**What to produce:**
Every line from the one with "скорость Магадан" up to and including the one with "testnet-definition" is to be output exactly as it appears below; pictures are not.

(Stored data entries)
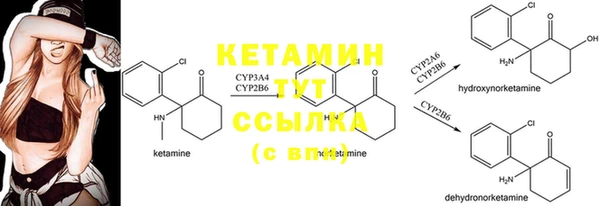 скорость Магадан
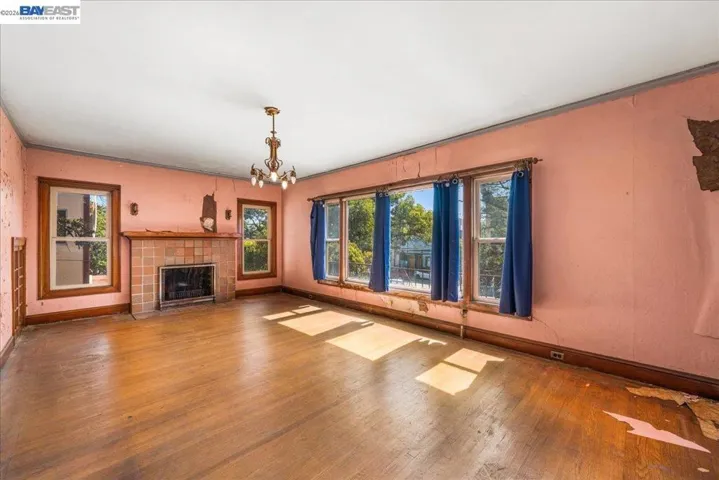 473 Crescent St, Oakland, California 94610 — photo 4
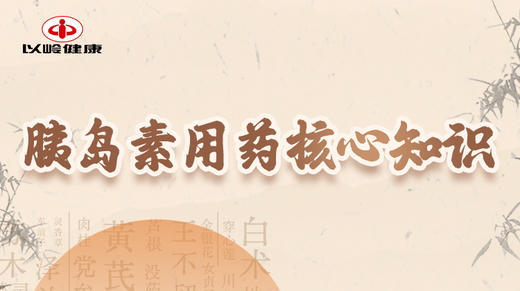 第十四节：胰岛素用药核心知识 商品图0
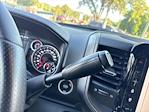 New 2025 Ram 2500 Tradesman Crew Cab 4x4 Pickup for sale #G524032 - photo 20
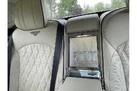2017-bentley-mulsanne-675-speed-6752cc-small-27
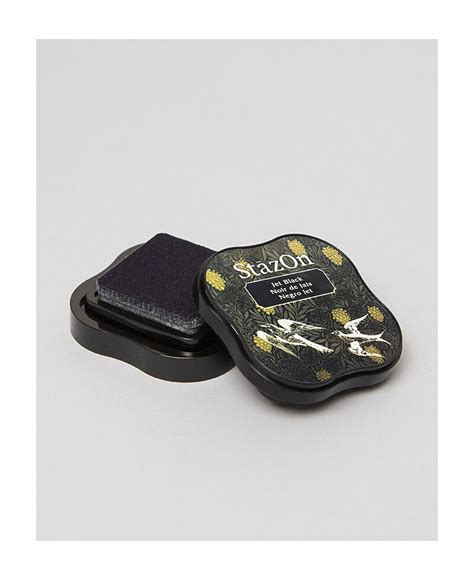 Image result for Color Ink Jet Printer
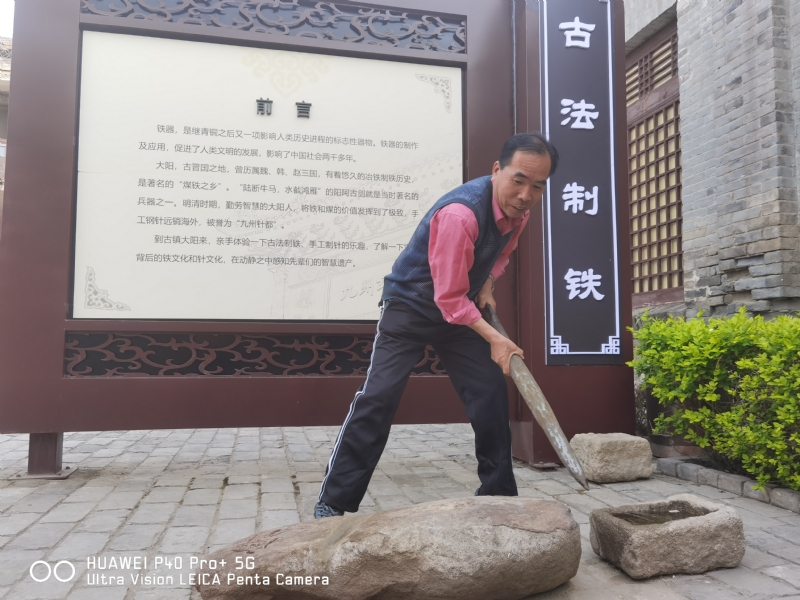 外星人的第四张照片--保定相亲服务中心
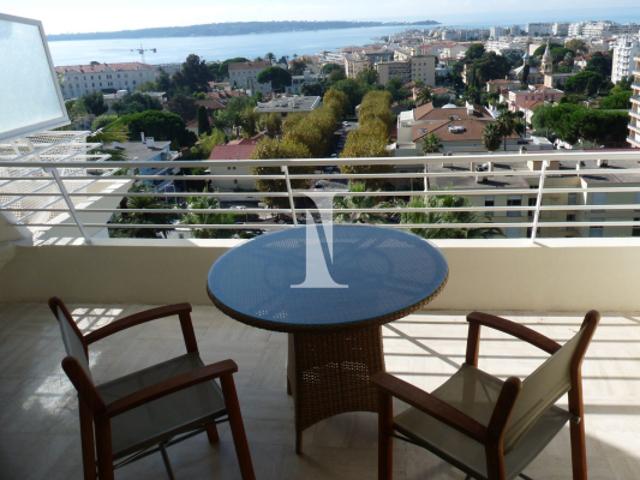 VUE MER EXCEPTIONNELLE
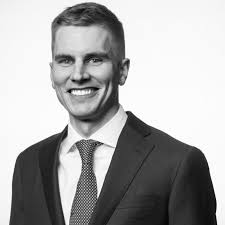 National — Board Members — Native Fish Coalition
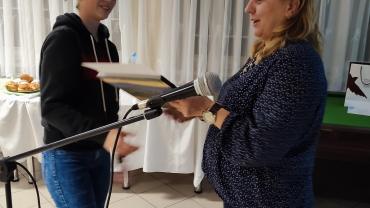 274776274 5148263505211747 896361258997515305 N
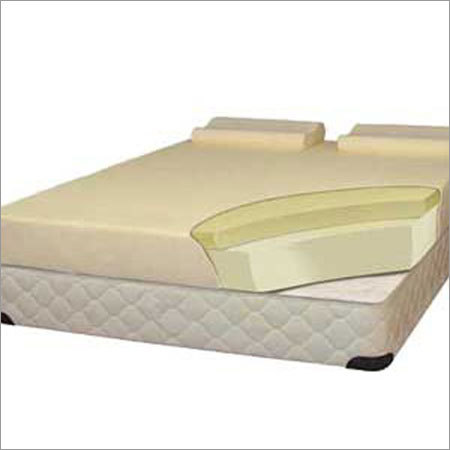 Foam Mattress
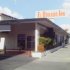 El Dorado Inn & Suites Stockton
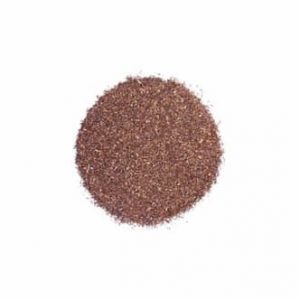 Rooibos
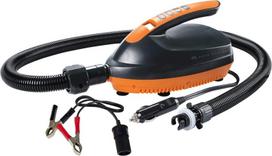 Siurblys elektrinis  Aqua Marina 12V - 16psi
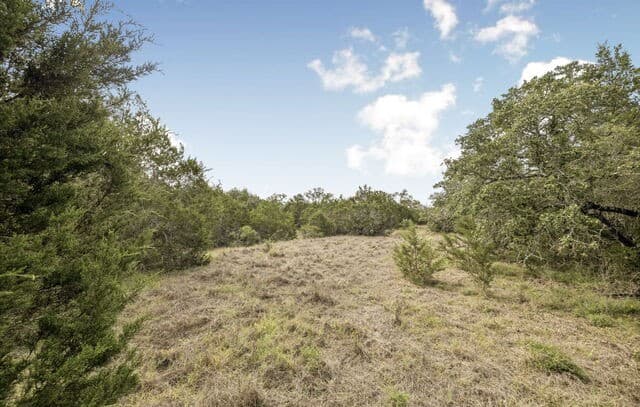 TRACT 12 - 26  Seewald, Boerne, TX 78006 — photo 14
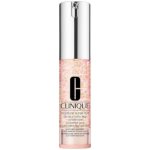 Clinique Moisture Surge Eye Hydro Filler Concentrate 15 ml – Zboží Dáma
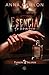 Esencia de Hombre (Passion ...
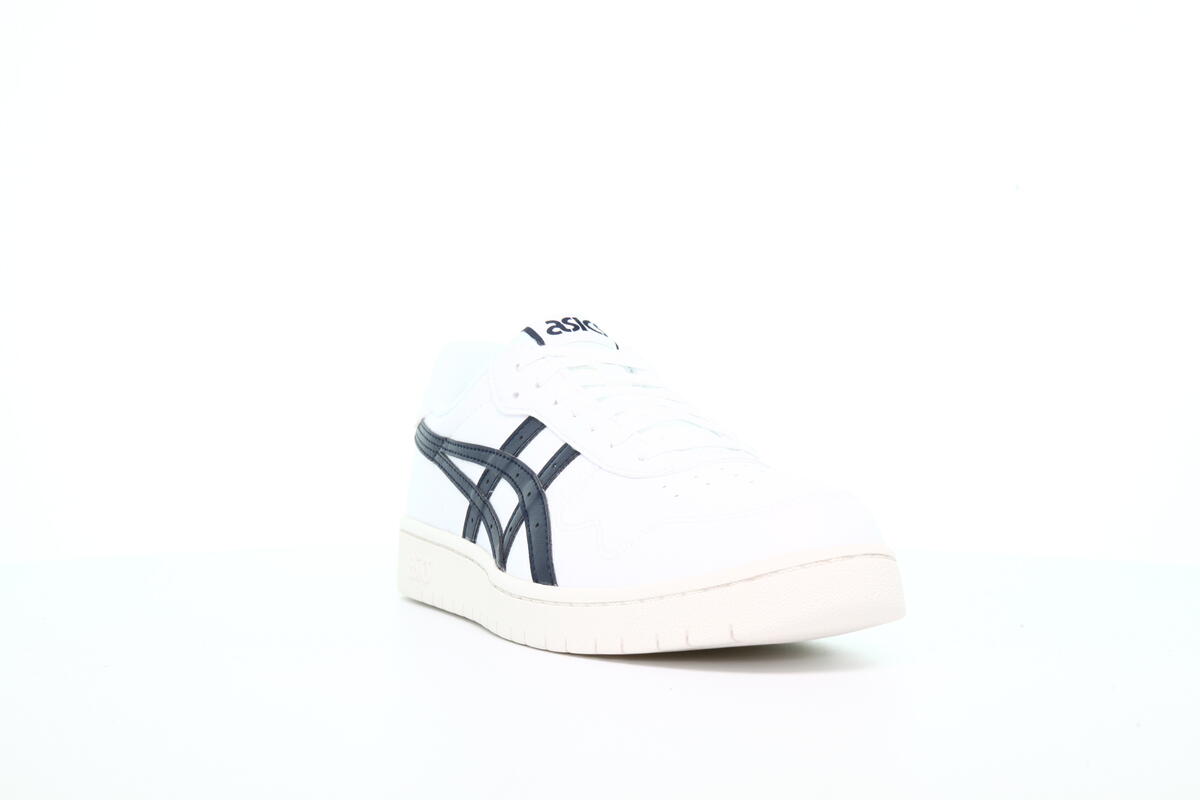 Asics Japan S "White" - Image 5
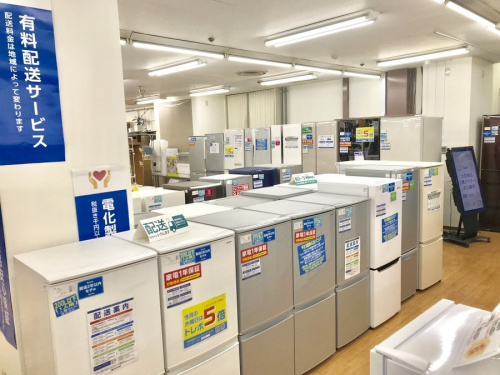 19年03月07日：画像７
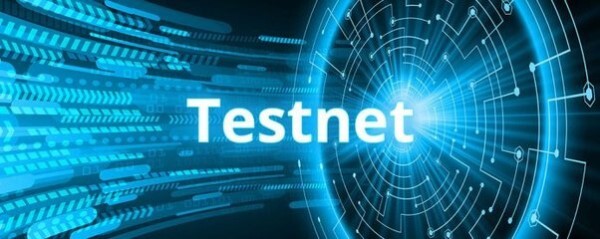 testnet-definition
--
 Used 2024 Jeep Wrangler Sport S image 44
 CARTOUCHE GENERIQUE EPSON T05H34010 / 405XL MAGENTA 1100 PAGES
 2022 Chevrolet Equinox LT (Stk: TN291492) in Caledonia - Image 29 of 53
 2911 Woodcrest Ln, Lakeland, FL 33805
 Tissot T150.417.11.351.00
...
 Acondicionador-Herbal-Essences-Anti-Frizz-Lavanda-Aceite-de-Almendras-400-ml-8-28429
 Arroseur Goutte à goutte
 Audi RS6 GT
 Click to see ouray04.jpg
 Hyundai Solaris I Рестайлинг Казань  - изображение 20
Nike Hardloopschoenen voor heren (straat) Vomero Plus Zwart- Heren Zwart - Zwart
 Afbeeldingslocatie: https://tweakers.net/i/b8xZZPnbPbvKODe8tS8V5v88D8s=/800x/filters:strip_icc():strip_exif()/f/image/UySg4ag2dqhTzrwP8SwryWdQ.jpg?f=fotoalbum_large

**Task result:**
 скорость Магадан
 473 Crescent St, Oakland, California 94610 — photo 4
 第十四节：胰岛素用药核心知识 商品图0
 New 2025 Ram 2500 Tradesman Crew Cab 4x4 Pickup for sale #G524032 - photo 20
2017-bentley-mulsanne-675-speed-6752cc-small-27
 Image result for Color Ink Jet Printer
 外星人的第四张照片--保定相亲服务中心
 VUE MER EXCEPTIONNELLE
 National — Board Members — Native Fish Coalition
 274776274 5148263505211747 896361258997515305 N
 Foam Mattress
 El Dorado Inn & Suites Stockton
 Rooibos
 Siurblys elektrinis  Aqua Marina 12V - 16psi
 TRACT 12 - 26  Seewald, Boerne, TX 78006 — photo 14
 Clinique Moisture Surge Eye Hydro Filler Concentrate 15 ml – Zboží Dáma
 Esencia de Hombre (Passion ...
 Asics Japan S "White" - Image 5
 19年03月07日：画像７
 testnet-definition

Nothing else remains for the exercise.